◆ **Dataset content**:
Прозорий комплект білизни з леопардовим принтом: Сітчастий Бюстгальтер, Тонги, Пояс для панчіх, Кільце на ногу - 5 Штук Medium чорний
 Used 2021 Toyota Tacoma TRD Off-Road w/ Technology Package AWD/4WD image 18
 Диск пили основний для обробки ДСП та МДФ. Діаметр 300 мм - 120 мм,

◆ **Work to be completed**: Where the line containing "Used 2021 Toyota" appears, begin a word-for-word copy and carry it through the last line of the listing, leaving out all other lines.

◆ **Written answer**:
 Used 2021 Toyota Tacoma TRD Off-Road w/ Technology Package AWD/4WD image 18
 Диск пили основний для обробки ДСП та МДФ. Діаметр 300 мм - 120 мм,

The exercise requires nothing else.